(Exercise) Return the material below exactly, but only from the line with "Tipping Snowman Figurine" through the line with "A Duck in the Laundromat", and without its pictures.

(Information provided)
___
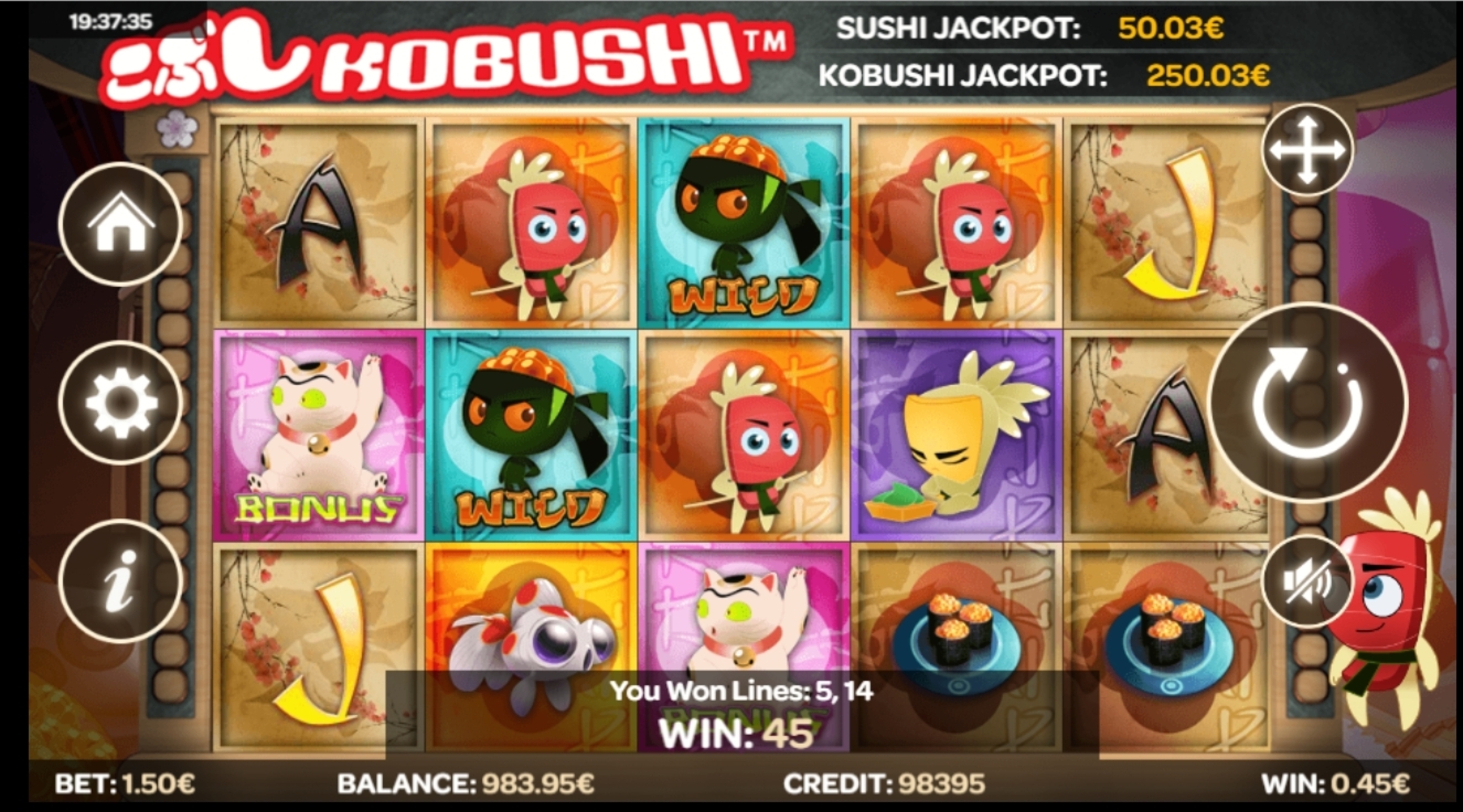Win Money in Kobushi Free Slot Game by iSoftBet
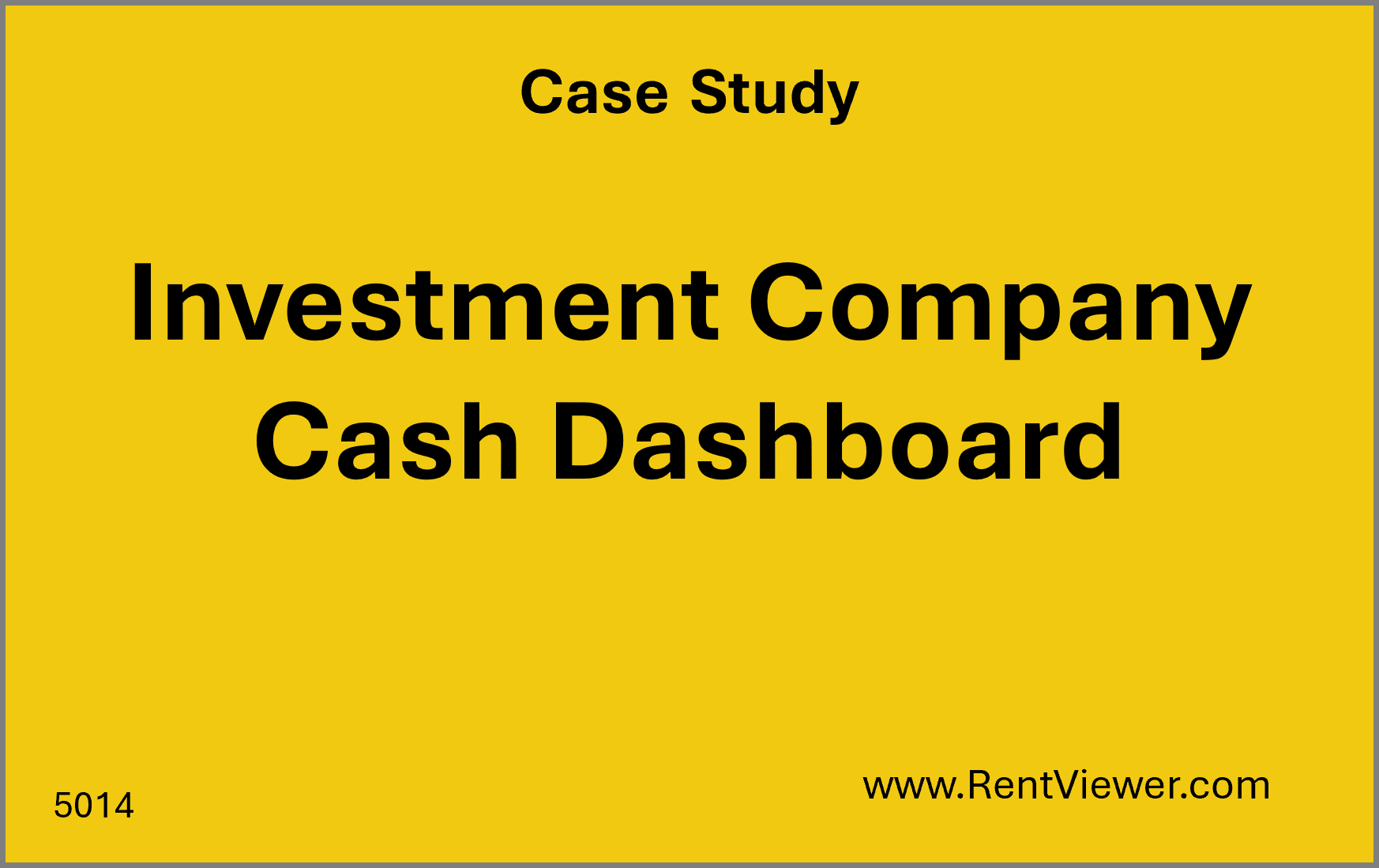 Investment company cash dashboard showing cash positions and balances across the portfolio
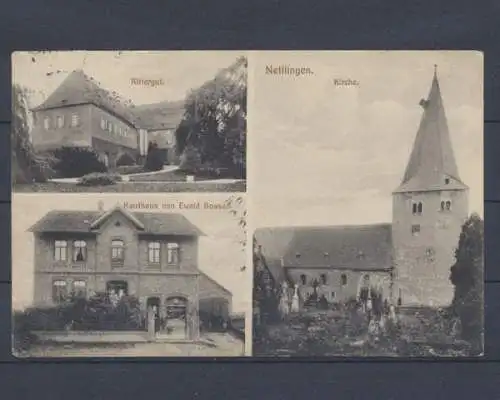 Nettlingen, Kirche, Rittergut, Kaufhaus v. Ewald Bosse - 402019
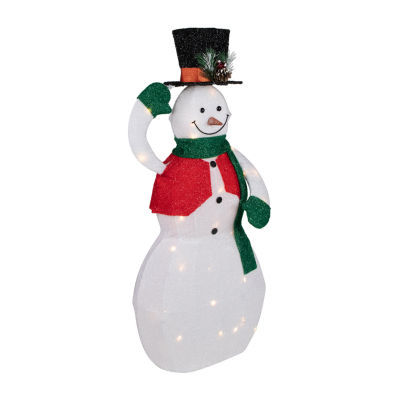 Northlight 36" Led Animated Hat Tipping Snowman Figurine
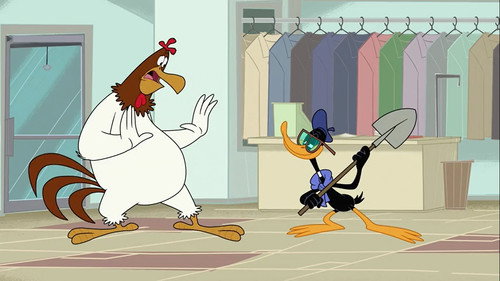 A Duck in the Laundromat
___
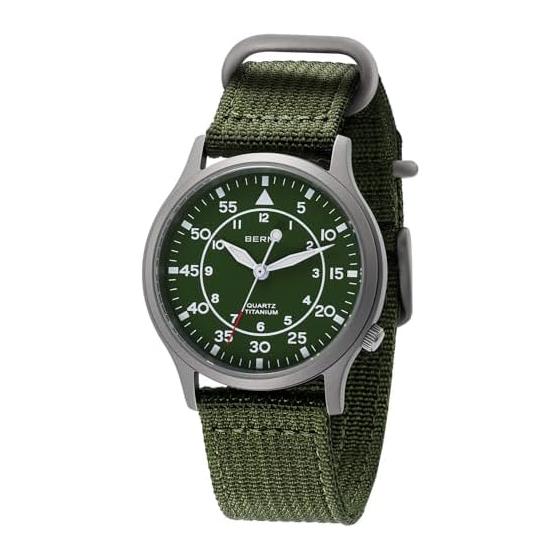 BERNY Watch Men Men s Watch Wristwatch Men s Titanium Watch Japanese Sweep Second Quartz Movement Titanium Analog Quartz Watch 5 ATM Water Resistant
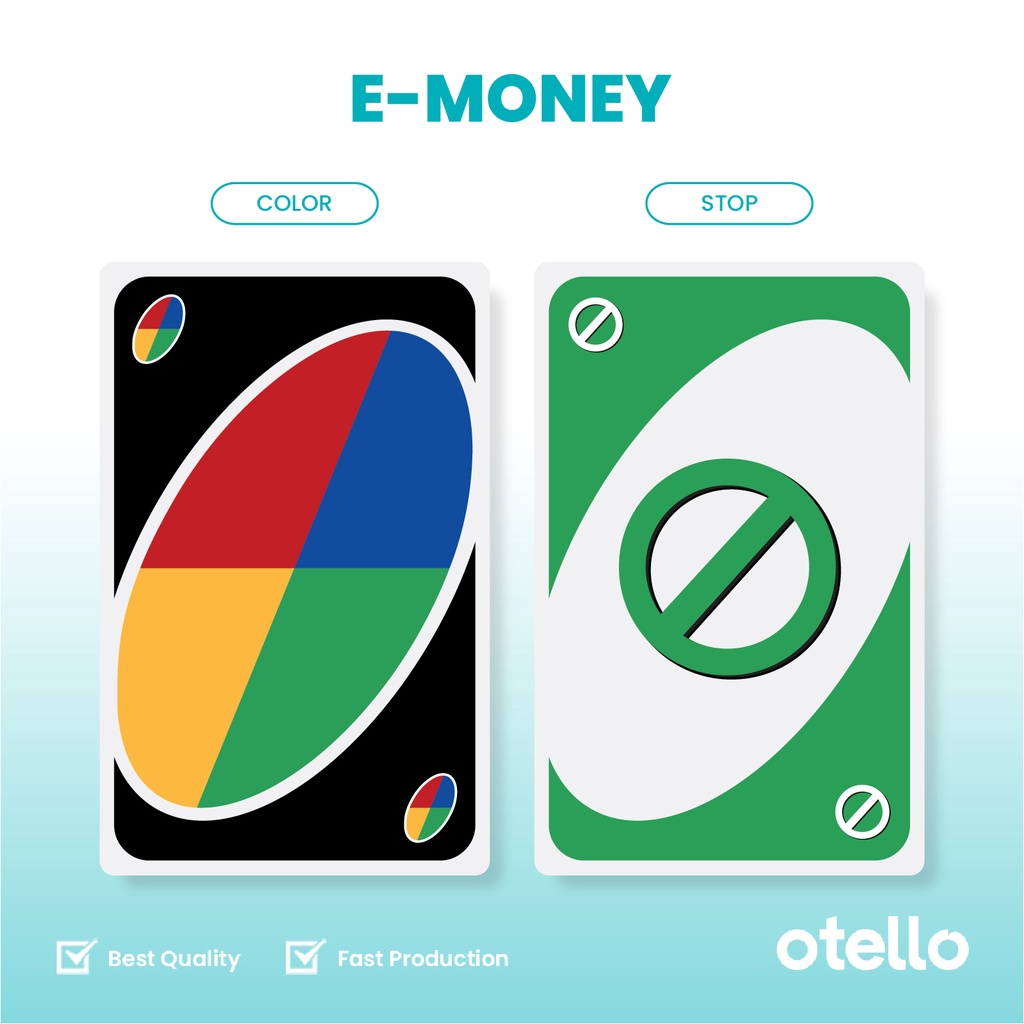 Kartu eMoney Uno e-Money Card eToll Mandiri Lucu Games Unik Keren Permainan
___
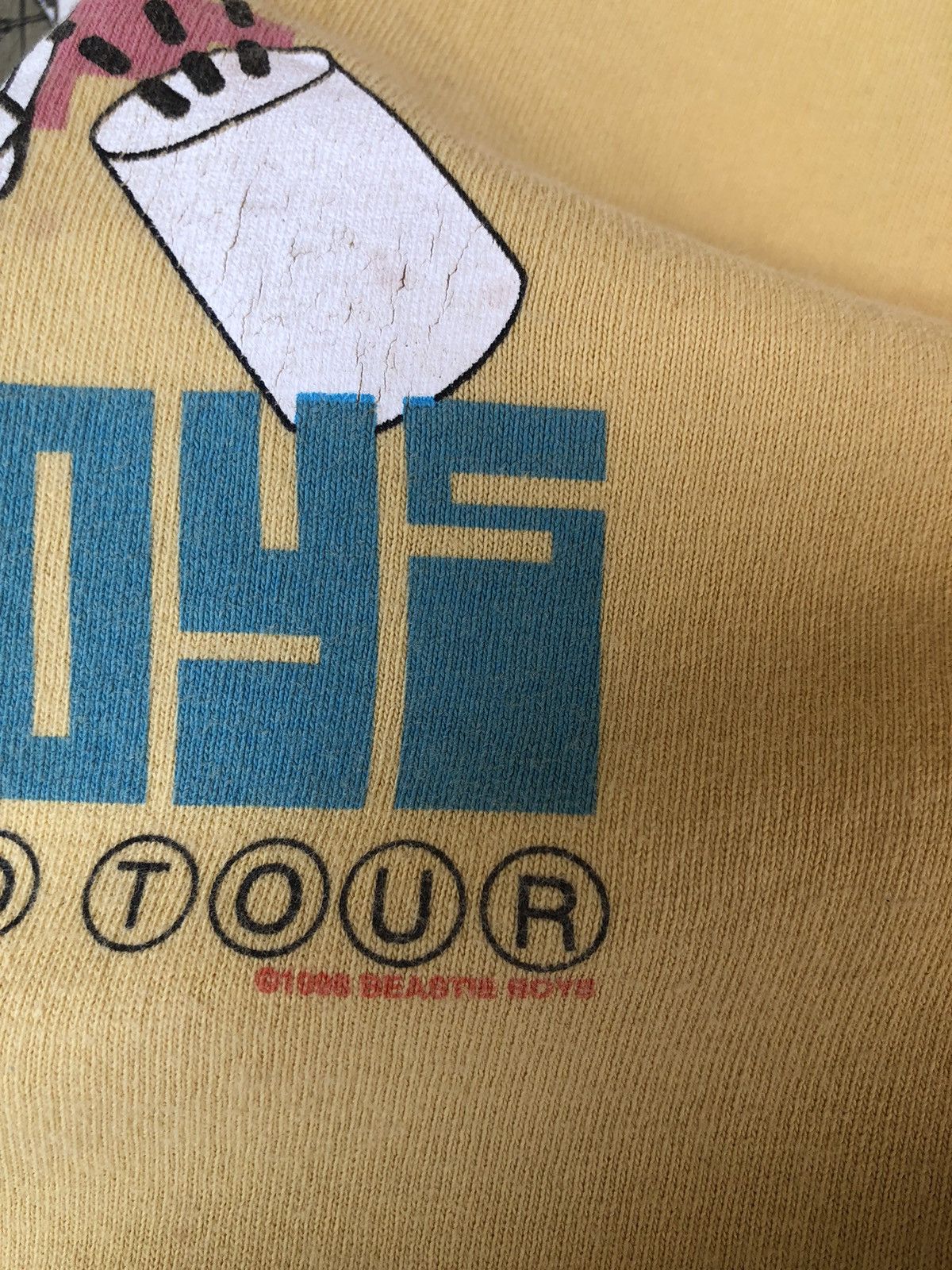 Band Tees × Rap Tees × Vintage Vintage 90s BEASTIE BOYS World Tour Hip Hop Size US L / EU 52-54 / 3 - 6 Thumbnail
___
(Answer to the problem)
 Northlight 36" Led Animated Hat Tipping Snowman Figurine
 A Duck in the Laundromat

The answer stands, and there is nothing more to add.